Les crises de pleurs qui sont de retour ne sont ni aussi violentes, ni aussi suffocantes que celles des premières semaines sans Clément. J’emploie tout de même le mot crise, donc, elles ne se sont pas adoucies pour autant et demeurent des compagnes difficiles à côtoyer. Je ne suis pas surprise de vivre cet épisode de tristesse avivée, mais les choses, les pensées qui ouvrent la voie au chagrin me surprennent par moment. Ces pensées vagabondes que j’avais cru avoir classées reviennent me visiter à intervalle régulier. L’intervalle s’est allongé, par rapport à avant, au moins… Ce que je vis actuellement m’a rappelé une petite illustration de mon deuil que j’avais rédigé vers la fin du mois de février qui suit dans le paragraphe ci-dessous.
Mon deuil a commencé sur une chute libre dans une abysse qui ne paraissait pas avoir de fond, bien que j’ai fini par le trouver, le sentir.

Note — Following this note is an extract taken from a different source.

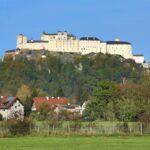 La fortaleza Hohensalzburg, en Salzburgo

Je ne pourrais dire quand j’ai frappé le fond exactement, entre le choc et la perte de repères. Chose certaine, c’était durant la première semaine. Tout ce que je pouvais faire au départ, c’était d’évaluer la largeur de ce trou dans lequel j’avais atterri, de prendre la mesure de mon espace de mouvement. Oubliez ça, regarder vers le haut pour estimer la profondeur de mon trou, j’en étais incapable à ce moment-là. Ce n’est que durant la deuxième semaine que je suis arrivée à tourner mes yeux vers un ciel que je ne pouvais pas apercevoir. Très profond, ce gouffre, était la seule conclusion possible ; trop ardu de concevoir en sortir facilement. Tranquillement, je me suis mis à identifier mes ressources, à chercher les outils que j’avais à ma disposition pour considérer une ascension. Vous pourriez croire qu’à la troisième semaine, j’en étais rendue à escalader… mais il m’a fallu d’abord planifier à partir des connaissances acquises sur mon trou, des repères que je me suis faits, et des ressources que j’ai rassemblées et puis, m’échauffer et m’étirer avant de parvenir à attaquer la sortie de ce trou…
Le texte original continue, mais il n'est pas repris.